I've experienced this myself. Beyond a certain project size, the AI starts breaking more than it fixes. You end up spending more time reverting AI changes than you saved through them.
This isn't a temporary problem that disappears with the next model. Context windows are getting larger, yes – but the complexity of real software grows faster. A Nuxt app with 50+ components, Pinia stores, API routes, and middleware exceeds any current context window when you'd need to consider everything simultaneously.
Tests: The Neglected Safety Net
Perhaps the most critical point: Vibe coding almost never produces tests. And if you don't explicitly ask for them, it stays that way.
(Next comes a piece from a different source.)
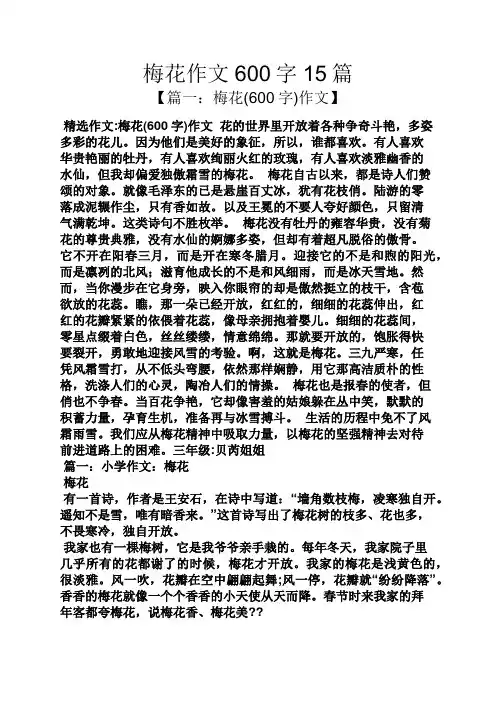 梅花作文600字15篇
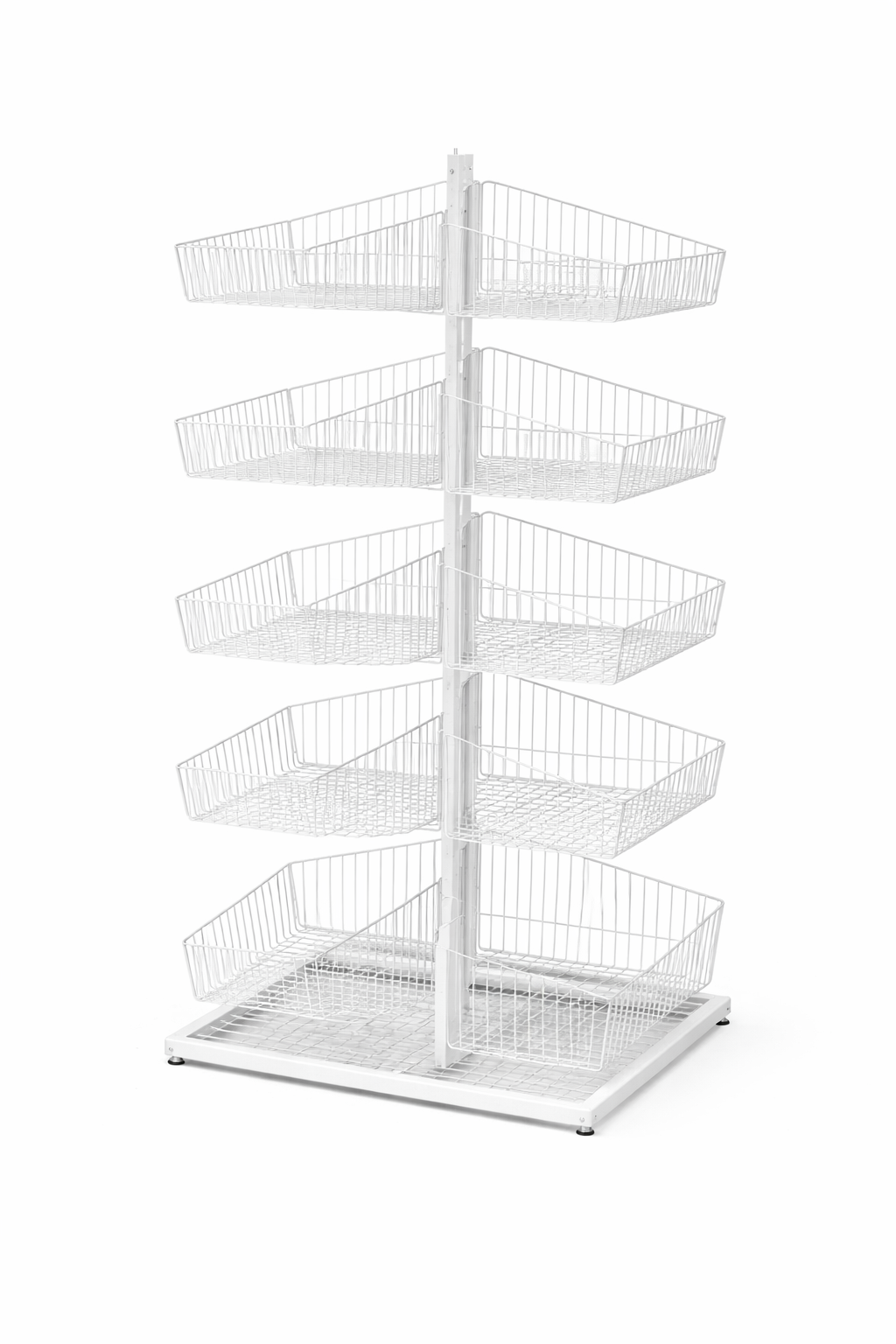 White 5-Tier Double-Sided Wire Basket Display Stand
Unit tests: The AI writes a utility function but no test for it. Edge cases? Ignored. Null checks? Missing.
Integration tests: Do modules communicate correctly with each other? Does the API work with the actual database, not just a mock? Vibe-coded projects typically have zero coverage here.
End-to-end tests: Does the complete user flow work? From login through data entry to checkout? Without E2E tests, every change is a gamble.
The insidious part: Without tests, the project initially feels more productive. You save the time for test code. But every change becomes a risk. Every new feature can break existing functionality without anyone noticing – until a user complains.
Tests aren't optional. They're the safety net that prevents a working prototype from collapsing at the first refactoring.
Conclusion: AI as Copilot, Not Autopilot
Vibe coding isn't a bad concept. It's a powerful tool for validation and prototyping. But it's no substitute for software engineering.
The distinction is simple: If the code gets thrown away once the idea is validated – vibe coding is fine. If the code goes to production and affects real users – you need a developer who understands, secures, and tests the code.
Karpathy recognized this himself and now speaks of "agentic engineering" – the deliberate use of AI agents under human oversight. The crucial difference: you don't hand off responsibility. You use the AI's speed but maintain control over architecture, security, and quality.
My personal approach: I use AI for scaffolding, boilerplate, and as a sparring partner for solution approaches. But I read every diff. I write tests. And I don't rely on the AI knowing what my application needs – because only I know that.
AI is the best copilot developers have ever had. But a copilot you trust blindly will eventually fly into a mountain.